A leveraged buyout of Steinway would represent an unusual private equity-style deal for hedge fund mogul Paulson, who shot to fame in 2007 with a prescient bet against subprime mortgages and repeated his success in 2009 with a bet on gold.
An American icon synonymous with handmade grand pianos, Steinway has struggled to keep its production margins competitive amid stagnant sales, prompting it to consider a sale.
Steinway said in a regulatory filing on Tuesday that Kohlberg waived its right to match or beat the rival offer. After clinching a $438 million buyout deal with Kohlberg in July, the Waltham, Massachusetts-based company launched a 45-day “go-shop” period that allowed it to solicit higher offer.
That deal came six months after Steinway, an American icon synonymous with handmade grand pianos, said it had decided not to sell itself following a 17-month-long exploration of strategic alternatives, including speaking to private equity.

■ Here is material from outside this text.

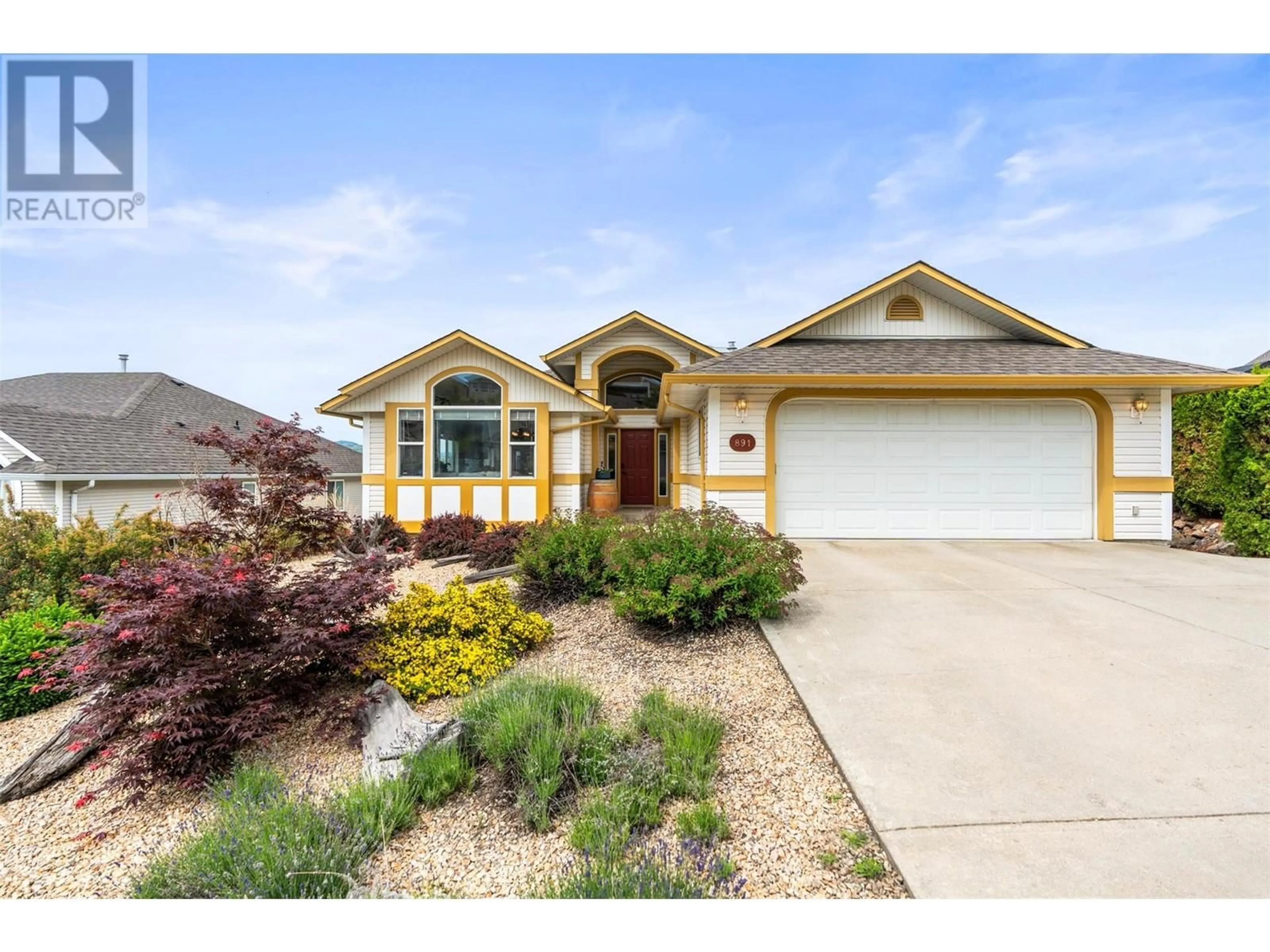 Home with vinyl exterior material, street for 891 MT. BULMAN PLACE, Vernon British Columbia V1B2Z4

An in-principle agreement to sell its band instrument division to an investor group led by two of its board members, Dana Messina and John Stoner, was scrapped last year in light of its operating performance, Steinway said at the time.
In July 2011, Messina, Stoner and other members of management made an offer for Steinway’s band instrument and online music divisions, prompting the company to set up a special committee to assess it.
Later that month, Steinway asked investment bank Allen & Company LLC to assist the special committee in exploring strategic alternatives that could also include selling the whole company outright.
By October 2011, Messina had stepped down as CEO of the company after 15 years at the helm to pursue his bid, yet he remained a board member. He was replaced by Michael Sweeney, a chairman of the board of Star Tribune Media Holdings and a former president of Starbucks Coffee Company (UK) Ltd.
In June, Steinway completed the sale of its leasehold interest in the company’s flagship Steinway Hall building, on Manhattan’s 57th Street, to a partnership led by JDS Development Group for $46.3 million in cash.
According to its website, Steinway & Sons, the company’s piano unit, opened the first Steinway Hall on 14th Street in Manhattan in 1866.
With a main auditorium of 2,000 seats, it became New York City’s artistic and cultural center, housing the New York Philharmonic until Carnegie Hall opened in 1891. These days, Steinway Hall is a showroom for the company’s instruments.
Steinway has said it will be able to remain in its present location in New York until the end of 2014 and that it has already begun the planning process for a new Steinway Hall.
Steinway’s pianos have been used by legendary artists such as Cole Porter and Sergei Rachmaninoff and by contemporary ones like Chinese concert pianist Lang Lang.